◆ **TRY IT**:
Within the entries below, please retype exactly the lines starting with the line that has "Check for loose" and going on through the line that has "When there are", but not the pictures.
──────── SUPPLIED MATERIAL ────────
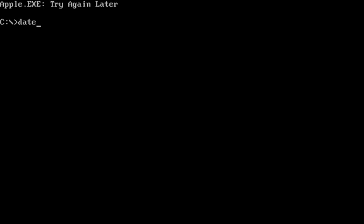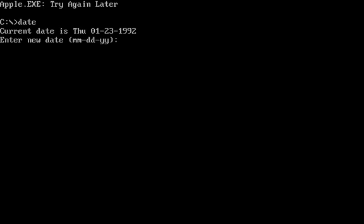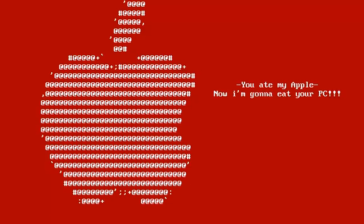However, if you run this Trojan on the 24th of any month, you get this tune and this message saying you ate my apple, now I'm going to eat your PC.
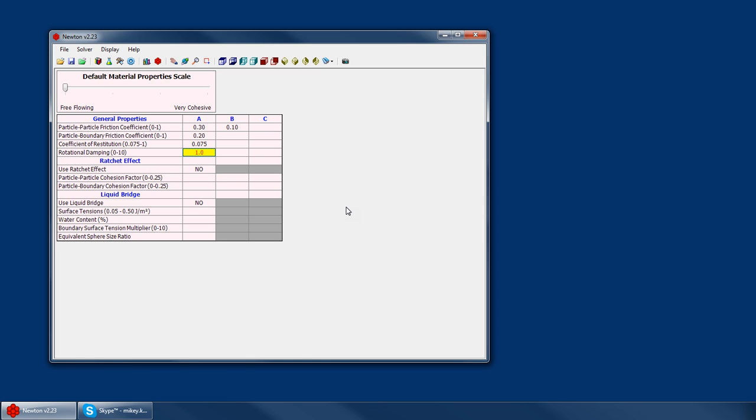With clusters that are irregularly shaped, the rotational damping is not nearly as important because the physical shape of the cluster prevents it from rolling. But when you're using only spheres, it's obviously very important that you have this rotational damping.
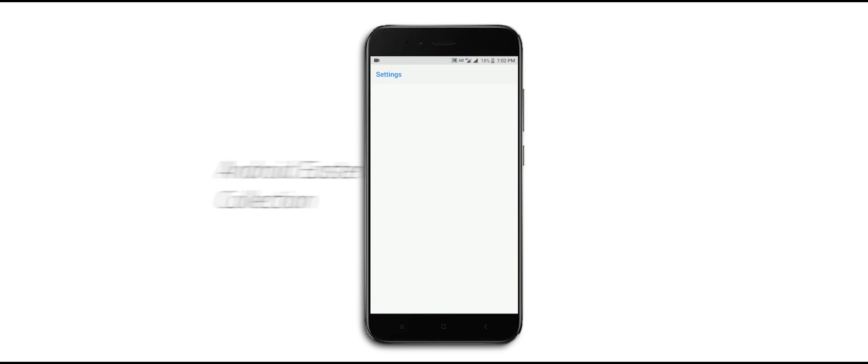Then continuously tap on Android version until you get treated with the graphics. It's interactive, you can also play with it. Google started adding these little Android Easter eggs all the way back in 2010 with Android 2.3.x.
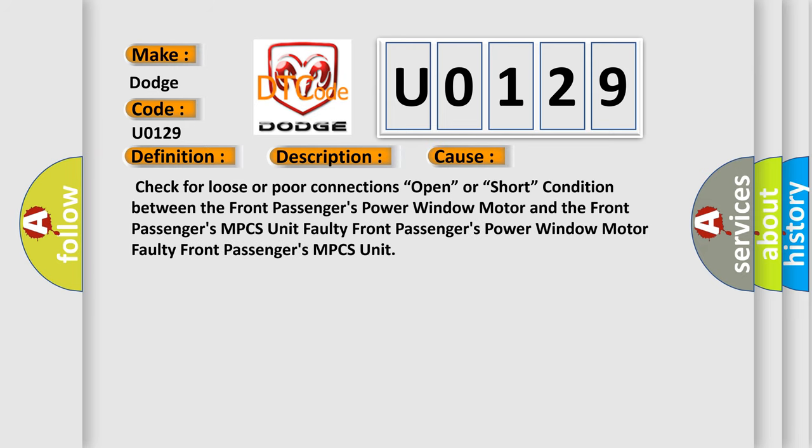Check for loose or poor connections, open, or short condition between the front passenger's power window motor and the front passenger's MPCS unit. Faulty front passengers' power window motor, or faulty front passengers' MPCS unit.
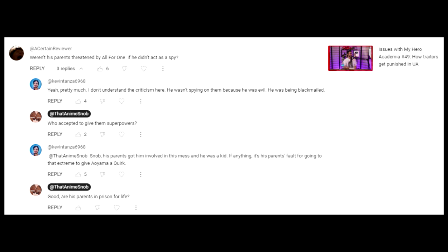When there are no repercussions for committing crimes, then there is no gravity when the characters get redemption. Aoyama may have been pushed to be a spy, but he still threatened the lives of thousands of people with his actions.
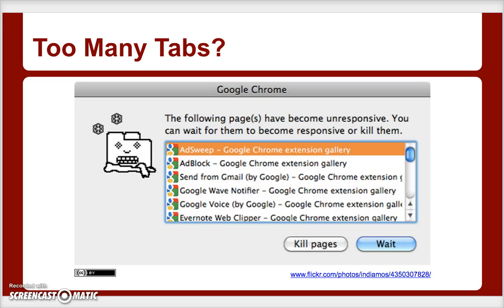First off, if you have ever seen this screen with too many tabs — when you have a lot of tabs open in your browser, they all take memory and Google Chrome can become unresponsive and slow, your whole machine can slow down. This is a problem. And so this first extension that I'm going to talk about will address and solve that problem.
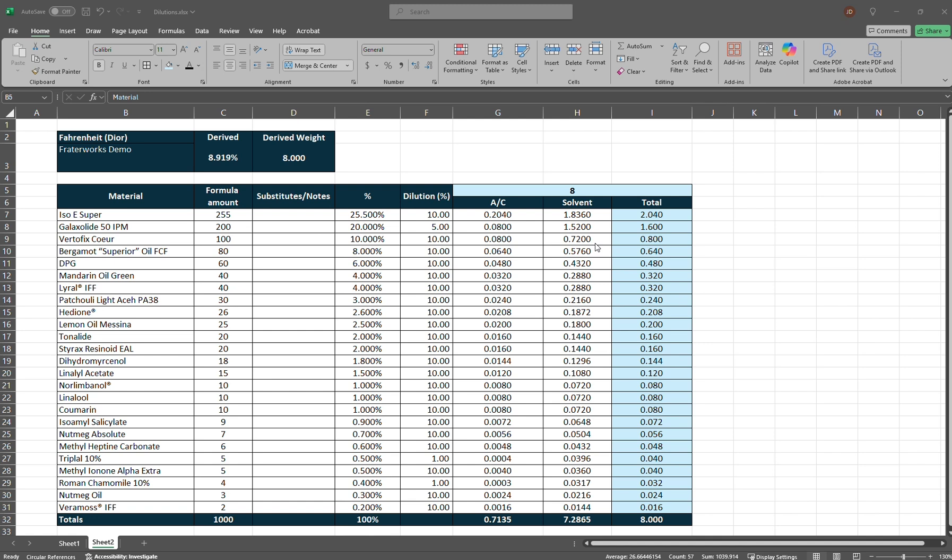Welcome back to the channel. I thought I'd make a quick little video here showing my process on reading and using a perfume formulation spreadsheet.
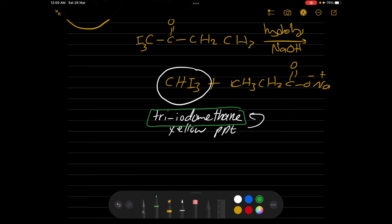For those who don't know, we can also test the melting point of triodomethane to check its purity. The melting point is an indication of the purity of your compound.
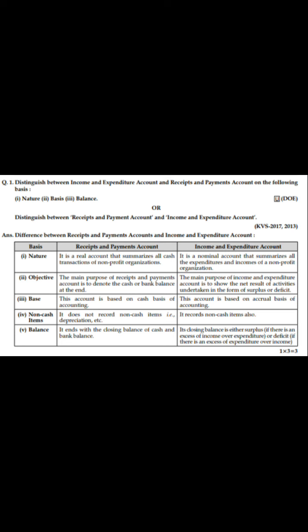On the basis of objective, the main purpose of the Receipt and Payment Account is to denote the cash or bank balance at the end. While the Income and Expenditure Account's purpose is to show the net result in the form of surplus or deficit — that is, to find out whether there is a surplus or a deficit for the current year.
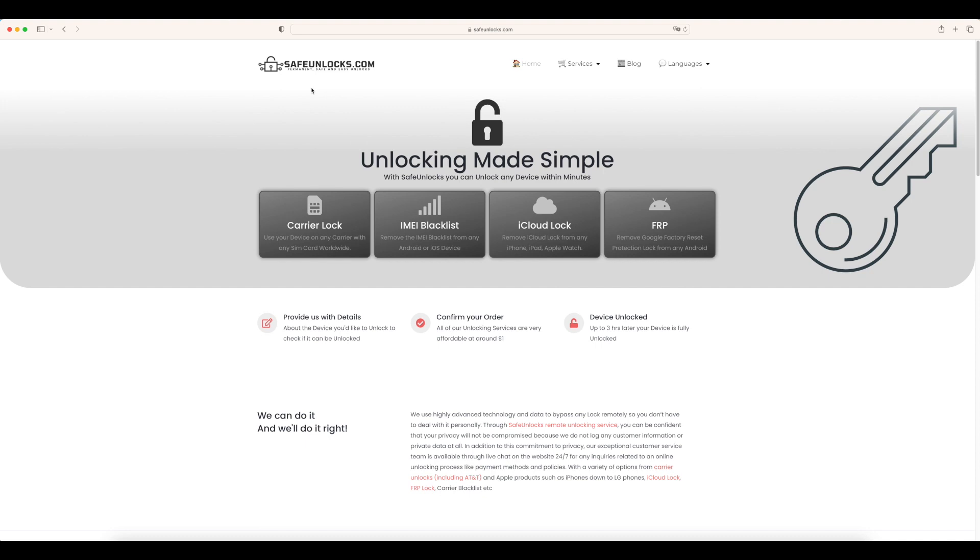Most importantly, remember that if you want to do this, you can go to safeunlocks.com and you will be able to do it yourself in only a few minutes. I hope this video helped you out solving this issue. Don't forget to subscribe.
────────
◆ **RESULT OF THIS TASK**:
Check for loose or poor connections, open, or short condition between the front passenger's power window motor and the front passenger's MPCS unit. Faulty front passengers' power window motor, or faulty front passengers' MPCS unit.
When there are no repercussions for committing crimes, then there is no gravity when the characters get redemption. Aoyama may have been pushed to be a spy, but he still threatened the lives of thousands of people with his actions.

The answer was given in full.